Hey all got a question for ya....

im sure its been beat to death but anyhow here goes....

i have been running 50:1 mix in my stihl 025 without any problems ....but i see some folks saying they use 40:1...

im am going to get a new saw here pretty soon i beat the death outa that 025

either an ms 362 or a 441 

would it be better to run a 40:1 mix in the new saw i get...

heres what stihl says...

Thanks for your E-mail and your interest in STIHL products.
All STIHL products now use a 50:1 mixture of gasoline and 2-cycle, air
cooled engine oil.
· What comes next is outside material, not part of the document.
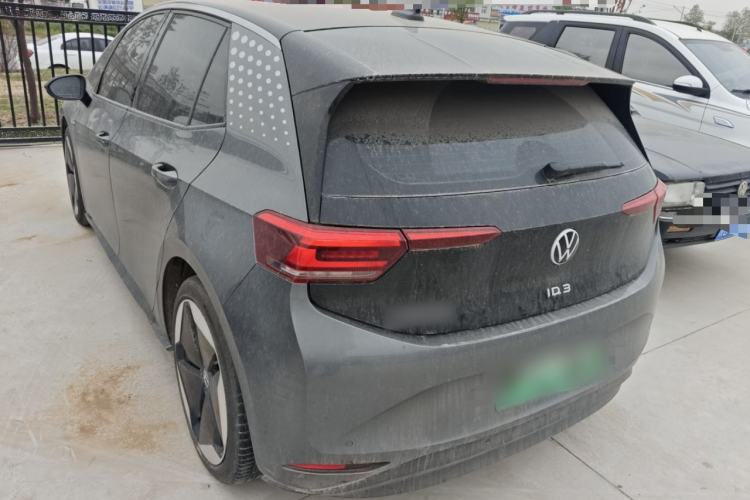 Used Volkswagen ID.3 2023 Upgraded Model Pure Intelligent Enjoyment Version Rear Left 45 Deg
This is one gallon of 89 or higher octane gas mixed
with 2.6 ounces of a name brand, 2-cycle, air cooled engine oil.
Please know that ALL of our oils are designed to be used with a 50:1
mixture. Mixing too much oil in the gasoline can cause its own set of
problems. It can cause a buildup of carbon on the piston and rings that
can build up, break off and score a piston or it could cause the rings
to stick which can lead to a lose of compression.
I could not recommend using any mixture other than 50:1.
I hope this helps and if I can be of any further assistance, please let
me know.
Sincerely,
Mark O'Briant
STIHL Technical Advisor:greenchainsaw:

thanx for your thoughts in advance


----------



## forestryworks (Jul 15, 2010)

you answered your own question.


----------



## Anthony_Va. (Jul 15, 2010)

Lol, yes it's been beat to death. 

I use 50:1 also.

But 40:1 won't hurt them. I do think 40:1 will make a little more buildup in the cylinder so I juststick to what the manual says.

Just don't do the Amsoil 100:1 thing.


----------



## o8f150 (Jul 15, 2010)

i just put in the middle i run 45:1 with 93 octane


----------



## dh1984 (Jul 15, 2010)

i use to run 40to1 in my saw with 93 with out any problems.but make sure you can find a gas station that sell the pure gas with no ethenal in thier gas


----------



## komatsuvarna (Jul 15, 2010)

DooMSaw said:


> Hey all got a question for ya....
> 
> im sure its been beat to death but anyhow here goes....
> 
> ...



:taped: :help: :help: :help:  opcorn:


----------



## NORMZILLA44 (Jul 16, 2010)

Ive been running 50:1 since 32:1 was fazed out, and never had one problem. Ive run em in pretty hot conditions too. My saw shop says all there classes, for stihl, husky, and echo say that they have had the least problems with the chevron supreme, because as mentioned earlier the gas is very important!!!!!!!!!!!!!!! Found out about the chevron thing recently, and the funny thing is I have run it exclusively for years only beacause I have one gas card. Guess I was lucky that I was running what was prefered without knowing LOL! But I can tell you alot of guys around me run alot of different gases, and my saw shop rebuilds tons of carbs, and replaces many fuel lines. I run chevron with stihl 50:1 Nothing else ever! I have never seized blown up or had any problems with this combo, and since 1998 when I got a newer 044, and my husky I have only replaced one fuel line on the 44, and one on the husky. Only only one carb kit that was last summer on the 44. Take it easy NORM.................


----------



## mikefunaro (Jul 16, 2010)

SEARCH....at least 5% of all threads concern oil in some capacity. 

No doubt 50:1 is safe. Running a richer mix may confer greater feeling of protection to some but also has trade-offs.


----------



## 2dogs (Jul 16, 2010)

47.78 to 1. Stihl Ultra blended with fryer oil and STP. Run 83 octane lawnmower gas with nitromethane added. NOS injection really helps at high altitude.

Yep been beat to death. You'd know that if you used the search function.


----------



## Adam_MA (Jul 16, 2010)

50:1 
I'm not a logger, I don't run my saws every day all day long. For me, unless I know I have a big bunch of wood to cut up, I mix my gas/oil in 1 gallon batches. That way it doesn't go bad, and the little Stihl Ultra 2.6oz bottles make it WAY too easy for mixing.


----------



## BIGD4DICE (Nov 10, 2016)

I run my big cc saws on 40:1. My saws are tuned to run a few more rpms and the extra mix helps to keep the saw well lubricated which keeps it at a cooler temp.


----------